15 October 2021 Focus is the section of Frieze London dedicated to younger, more fringey galleries. With a more open structure than the main fair, it tends to privilege media that are less common in the more blue-chip presentations, such as film and video. There is much experimental work among the 35 exhibitors, but the abundance of painting elsewhere in the fair carries through here too. Frieze London’s artistic director Eva Langret’s commitment to bringing new voices to the fair has borne fruit in this section: 13 of the galleries are new to Frieze, including three in this selection of highlights: Addis Fine Art, Copperfield and Edel Assanti.
Noémie Goudal, Edel Assanti
Goudal is interested in paleoclimatology, and her film Below the Deep South (2021) and the related photographs here explore the notion of “deep time” in relation to the climate emergency. They are part of a new multi-faceted project called Post Atlantica. The video, installed on a vast LED screen, unravels across 11 and a half minutes, and features a series of images of landscapes, shot by Goudal in various locations across the world, being consumed by fire, layer by layer. Goudal plays with perception, with truth and fiction in the photographic image—as is revealed dramatically in the final moments of the film (no spoilers).
Noémie Goudal, Below the Deep South, installation view, Edel Assanti, Frieze London, 2021.
Edgar Calel, Proyectos Ultravioleta
Calel’s work, The Echo of an Ancient Form of Knowledge(2021), has been acquired by the Tate galleries through the annual Frieze Tate Fund—or rather, Tate has become the piece’s custodian, since Calel sees these stones, and the fruits that sit on them, as altars and a “sacred site for rituals”. Calel, who is Guatemalan, explores the Indigenous experience through the beliefs and practices of his Mayan Kaqchikel heritage. What is likely to be viewed by most Frieze visitors as an installation is in fact an offering to his ancestors. Both in the Tate acquisition and the very act of displaying the piece at the fair, Calel challenges us to consider the complexities of Indigenous cultures and the ongoing effects of their destruction.
Andrea Fourchy, Lomex
In her More Girlfriends paintings (all 2021), Fourchy takes images of notable performers, including Charlotte Gainsbourg, Isabelle Huppert, Divine and Anjelica Huston, and sets them within bold, patterned spaces. Fourchy, who is based in New York, was taught by the American artist Wayne Thiebaud and her paintings surf the outskirts of Pop as well as nodding to Sigmar Polke, Henri Matisse and others. The collage-like feel of the paintings is enhanced by Fourchy’s use of oil and enamel paint, lending a distinctive texture and sheen to areas within the composition, where Fourchy’s protagonists loom into focus or are abstracted almost to illegibility.
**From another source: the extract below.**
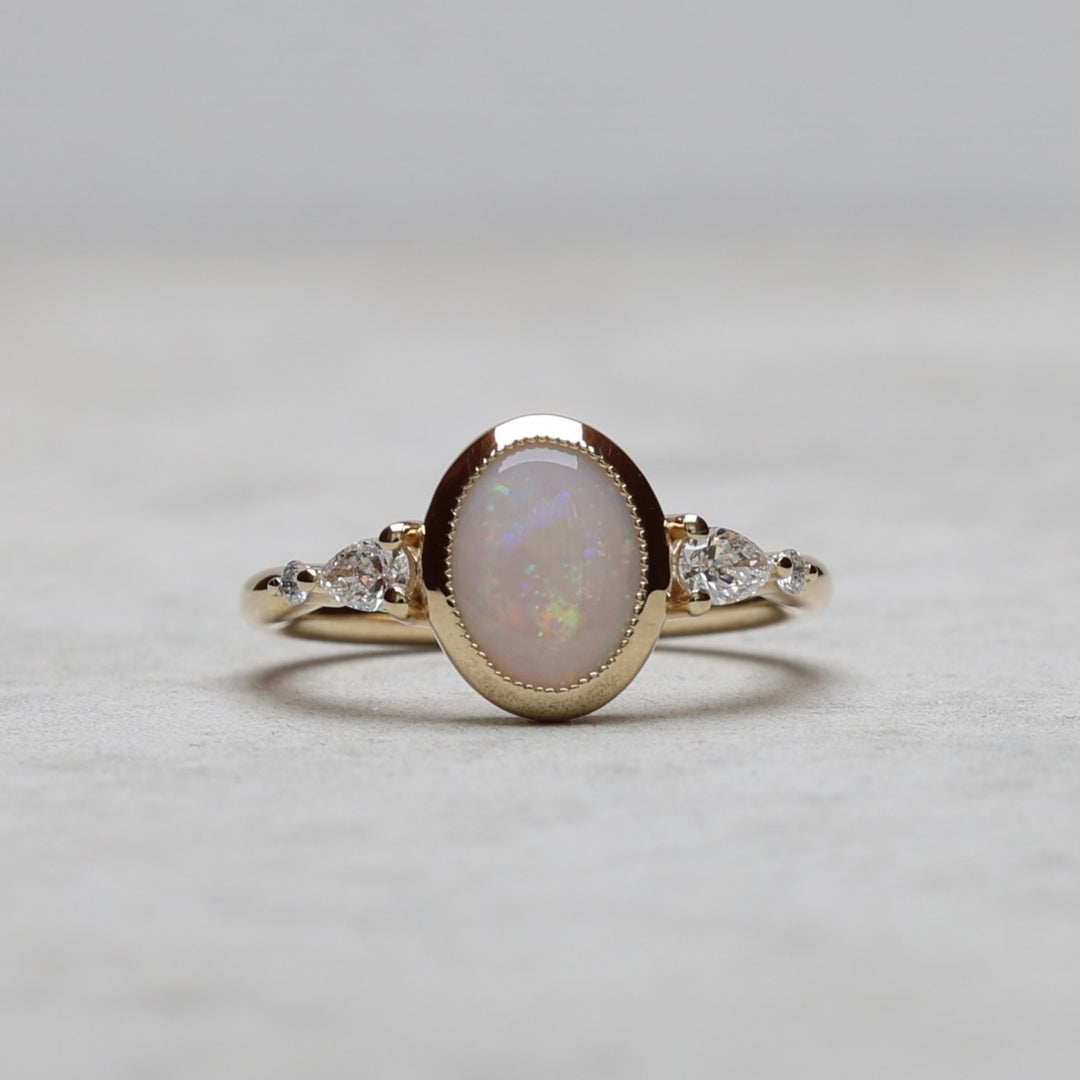 Mosaique Opal  Yüzük #536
Merikokeb Berhanu, Addis Fine Art
Berhanu’s paintings are difficult to pin down. Born in Addis Ababa in Ethiopia but now based in Maryland, she evokes the rupture of her emigration to the US in compositions that hint at figurative presences, still-lifes and landscapes but never resolve into a clear singular narrative. There is a sense of the micro meeting the macro, with cellular forms abutting those resembling geologic maps. Occasional clear references to bodies and animals—feet, cows and horses—are set amid abstract forms. It is this rich ambiguity, an enigmatic dreaminess, that makes Berhanu’s work so absorbing.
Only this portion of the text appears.